Your instructions
A word-for-word copy of the entries is needed, and it should contain no images.

BEGIN

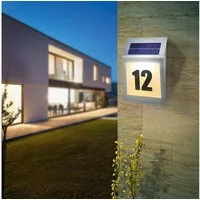 esotec LED Außen-Wandleuchte Hausnummer beleuchtet solar STYLE 24x34cm DUO COLOR 5500K 2800K 102031, LED fest integriert, 2800K warmweiß, 5500K kaltweiß, Solarbetrieb, Edelstahloptik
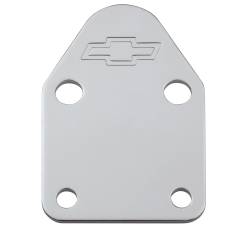 Proform - Proform Parts 141-210 - SBC Fuel Pump Block-Off Plate - Chrome with Bow Tie Emblem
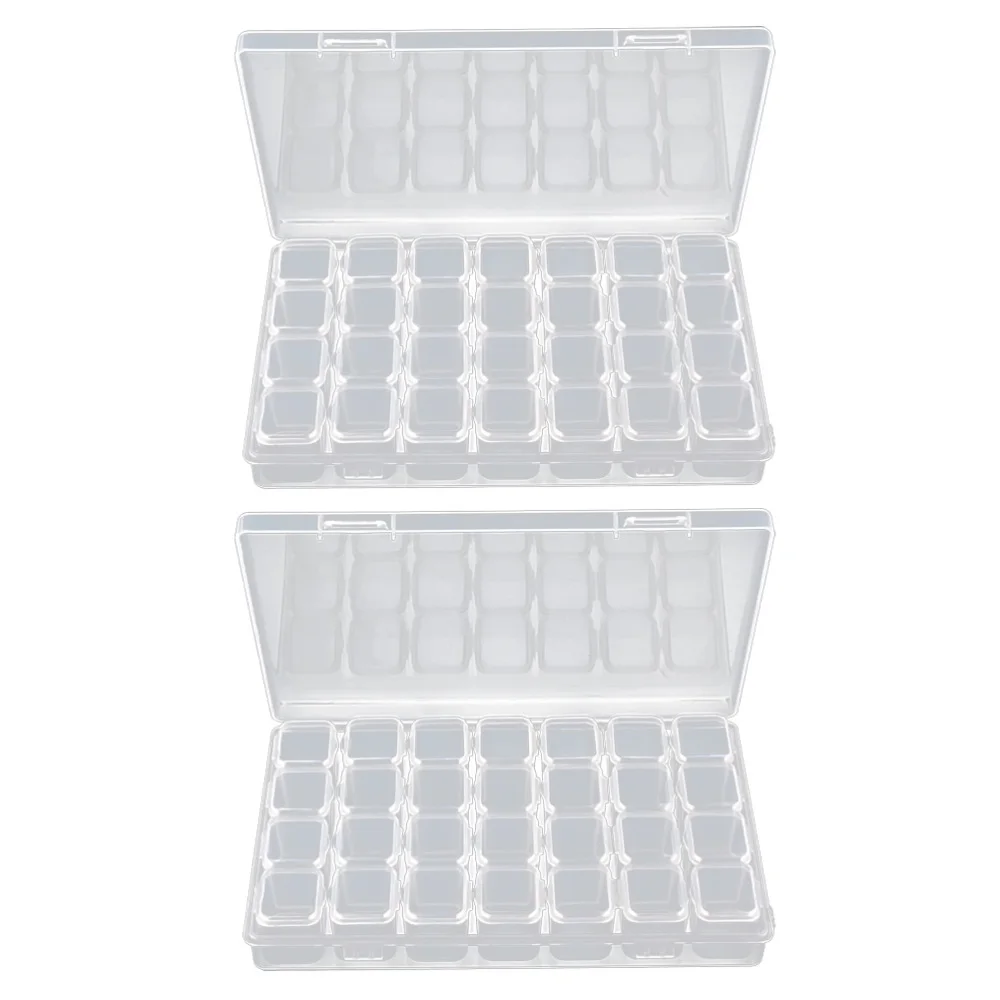 2PCS 28 Compartments Storage Empty Transparent Nail Art Container Box Case Organizer Holder for Jewelry Bead
2PCS 28 Compartments Storage Empty Transparent Nail Art Container Box Case Organizer Holder for Jewelry Bead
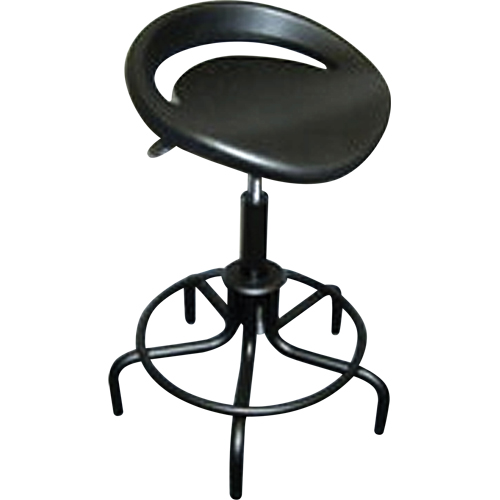 6000 Series Oversized Stool, Stationary, Adjustable, 25" - 30", Polyurethane Seat, Black NTL Industrial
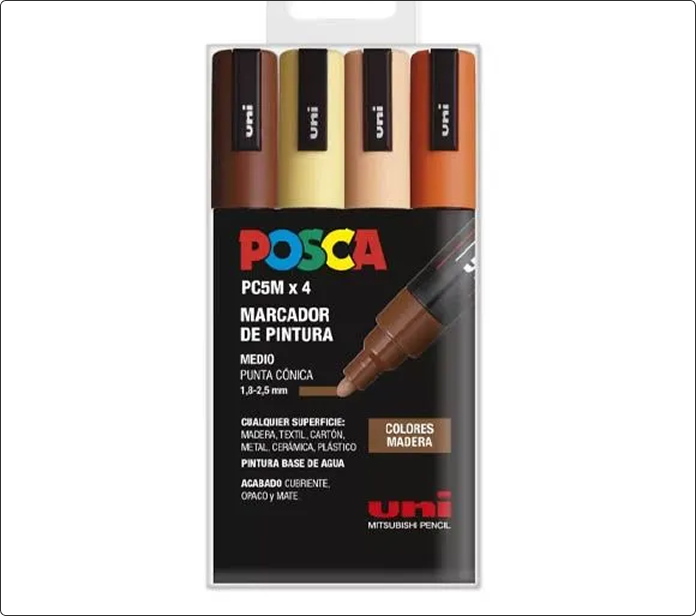 Pack de cuatro marcadores Posca PC-5M en tonos marrón, beige y naranja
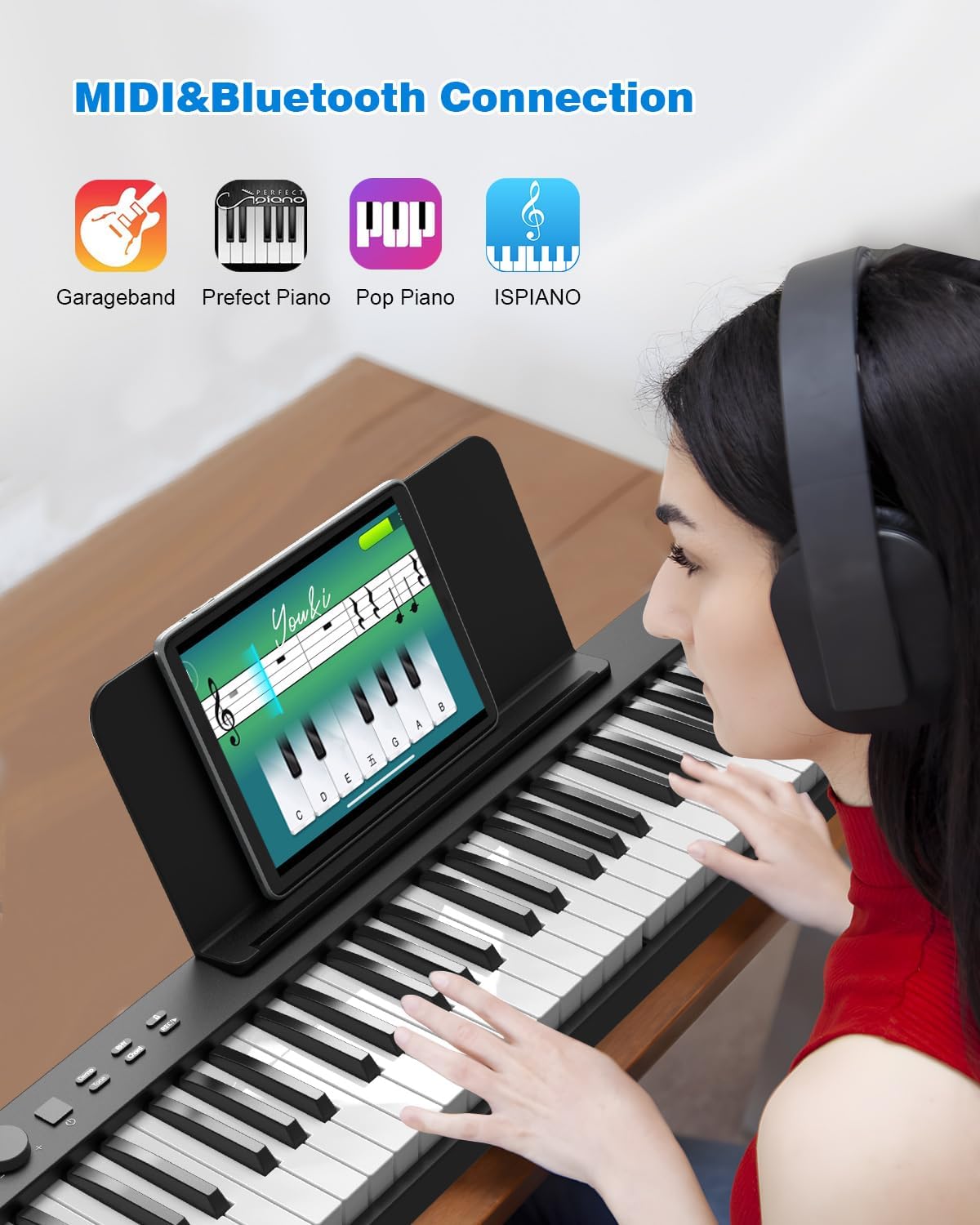 Folding Piano Keyboard 88 Key, Portable Piano Keyboard with Standard Semi Weighted Key, Foldable Piano Support Bluetooth/MIDI with Pedal, Speakers, Ideal for Beginner and Adult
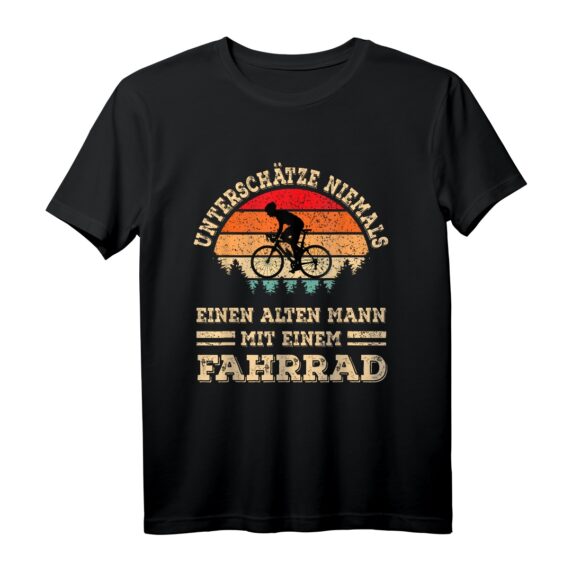 Radfahrer T-Shirt für Männer mit Spruch 'Unterschätze Niemals Einen Alten Mann Mit Einem Fahrrad'  Lustiges Retro Radsport Design für Radliebhaber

END

Task result
 esotec LED Außen-Wandleuchte Hausnummer beleuchtet solar STYLE 24x34cm DUO COLOR 5500K 2800K 102031, LED fest integriert, 2800K warmweiß, 5500K kaltweiß, Solarbetrieb, Edelstahloptik
 Proform - Proform Parts 141-210 - SBC Fuel Pump Block-Off Plate - Chrome with Bow Tie Emblem
 2PCS 28 Compartments Storage Empty Transparent Nail Art Container Box Case Organizer Holder for Jewelry Bead
2PCS 28 Compartments Storage Empty Transparent Nail Art Container Box Case Organizer Holder for Jewelry Bead
 6000 Series Oversized Stool, Stationary, Adjustable, 25" - 30", Polyurethane Seat, Black NTL Industrial
 Pack de cuatro marcadores Posca PC-5M en tonos marrón, beige y naranja
 Folding Piano Keyboard 88 Key, Portable Piano Keyboard with Standard Semi Weighted Key, Foldable Piano Support Bluetooth/MIDI with Pedal, Speakers, Ideal for Beginner and Adult
 Radfahrer T-Shirt für Männer mit Spruch 'Unterschätze Niemals Einen Alten Mann Mit Einem Fahrrad'  Lustiges Retro Radsport Design für Radliebhaber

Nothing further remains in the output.